STORED DATA:
******************************

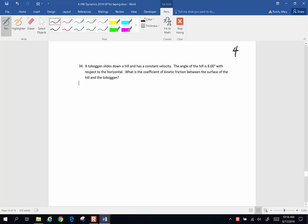Hi folks, here's another chapter 4 problem on incline planes. A toboggan slides down a hill and has a constant velocity. The angle of the hill is 8 degrees with respect to the horizontal. What is the coefficient of kinetic friction between the surface of the hill and the toboggan?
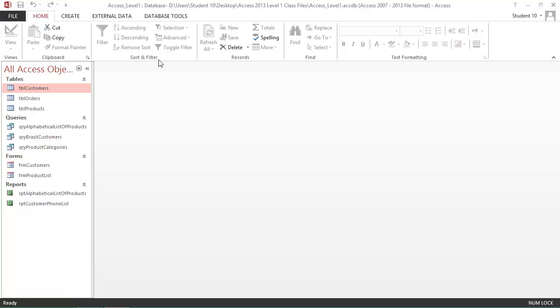You've got a Sort and Filter group for sorting and filtering your data. A Records group for adding new records, deleting records, spellcheck, and so on. And you've got a Find group for finding data and replacing data or going to specific data and also for selecting. And finally on the Home ribbon, you have Text Formatting for adjusting the font and the font size, the color, making things bold or italic or underlined.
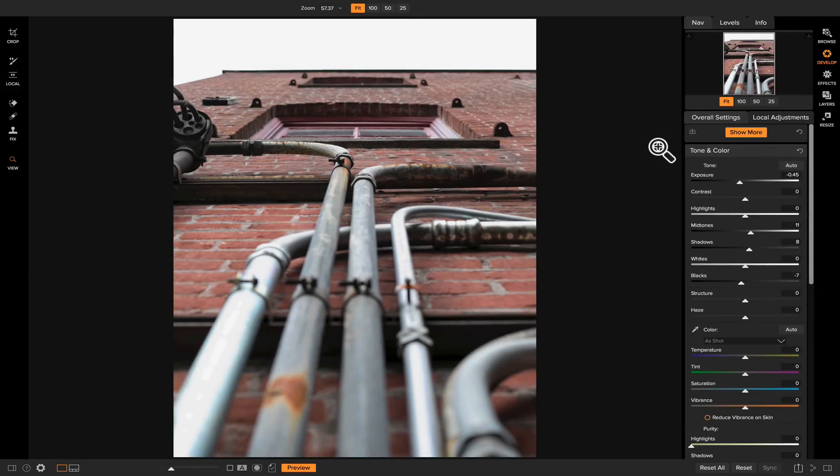In this video I want to show you how you can use blurring on your photos to create depth of field and also how you can use blurring to remove objects and uninteresting areas from your photo.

******************************

DIRECTIONS: Leaving out all pictures, transcribe the listing exactly.

ANSWER BOX:
Hi folks, here's another chapter 4 problem on incline planes. A toboggan slides down a hill and has a constant velocity. The angle of the hill is 8 degrees with respect to the horizontal. What is the coefficient of kinetic friction between the surface of the hill and the toboggan?
You've got a Sort and Filter group for sorting and filtering your data. A Records group for adding new records, deleting records, spellcheck, and so on. And you've got a Find group for finding data and replacing data or going to specific data and also for selecting. And finally on the Home ribbon, you have Text Formatting for adjusting the font and the font size, the color, making things bold or italic or underlined.
In this video I want to show you how you can use blurring on your photos to create depth of field and also how you can use blurring to remove objects and uninteresting areas from your photo.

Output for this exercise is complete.